La guerra mondiale degli zombi
5 min letturaIl romanzo inizia con un'introduzione: a parlare è un funzionario della Commissione per il dopoguerra delle Nazioni Unite incaricato di stilare un rapporto a circa dieci anni dalla fine della «Peste ambulante». L'umanità ha rischiato l'estinzione per mano degli zombi che si sono diffusi a partire da un villaggio cinese, e la Commissione vuole ricostruire cosa è successo. Ma il rapporto finale, dice il funzionario «fu una raccolta di dati freddi e precisi» pieno di omissioni rispetto al testo originariamente consegnato, e ciò lo spinge a trarre un libro dal materiale raccolto:
non è il fattore umano a legarci così profondamente al nostro passato? Le generazioni future troveranno più interessanti le tavole cronologiche e le statistiche sulle perdite o i racconti personali di individui così simili a loro? E infine, non è forse il fattore umano l'unica vera differenza tra noi e quel nemico al quale facciamo riferimento parlando di "morti viventi"?
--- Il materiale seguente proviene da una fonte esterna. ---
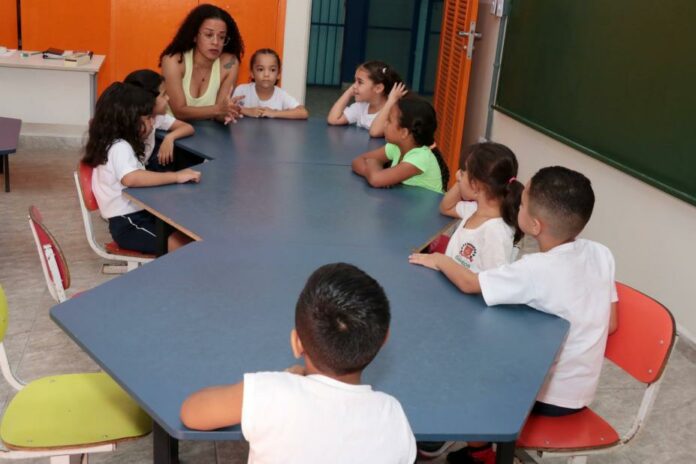 francisco_arrais_7251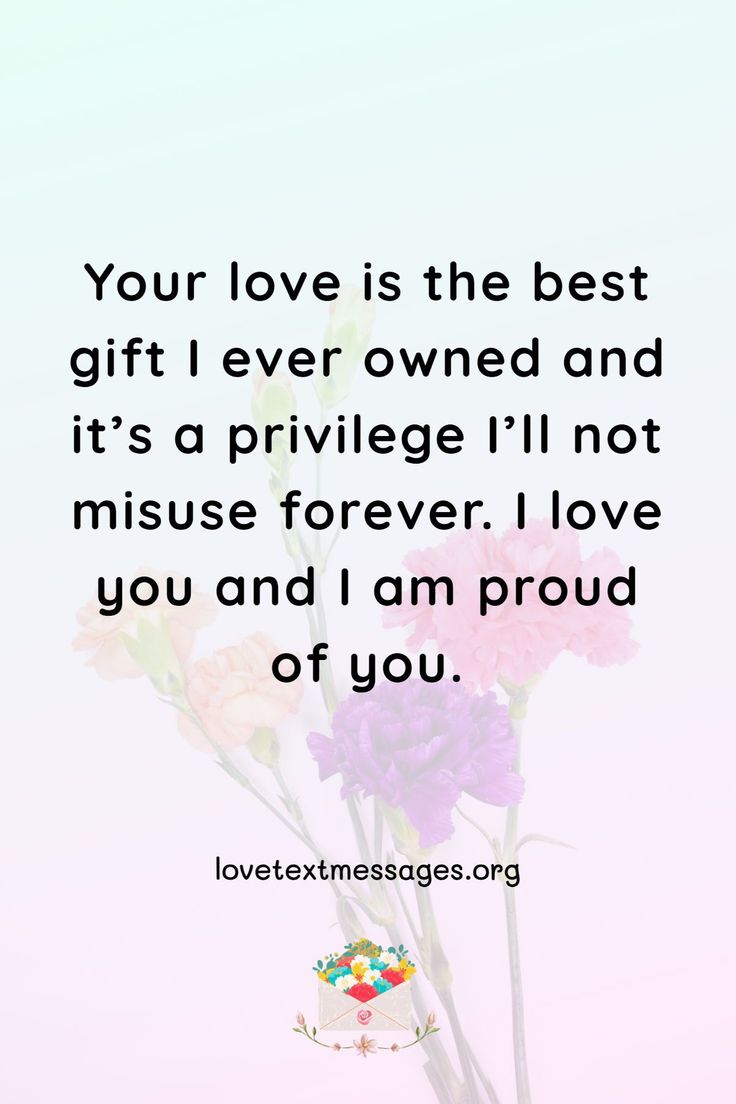 I Love You Messages For Him Love Text Messages In 2024 Love You 7945908b5cfb3a7101e5326ffc9a67c4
Questo «fattore umano», per il narratore, è un impasto di «memorie» ed «emozioni» che costituiscono «l'argomento di questo libro», costruito come una serie di interviste a personaggi provenienti da ogni parte del mondo; siamo tra il reportage giornalistico e il lavoro antropologico. Raccolte, le singole voci formano un racconto corale della tragedia appena trascorsa, e svelano l'importanza fondamentale della letteratura. Che si tratti di parola scritta o di racconto orale (l'edizione originale reca come sottotitolo An oral history of the Zombie World War), non può esistere memoria fredda e oggettiva, di fronte alla catastrofe; separare cosa è successo da ciò che ha suscitato nelle persone è una falsificazione. È anche nel modo in cui si sceglie di trasmettere, dunque, che si gioca la distinzione tra «noi» e «quel nemico».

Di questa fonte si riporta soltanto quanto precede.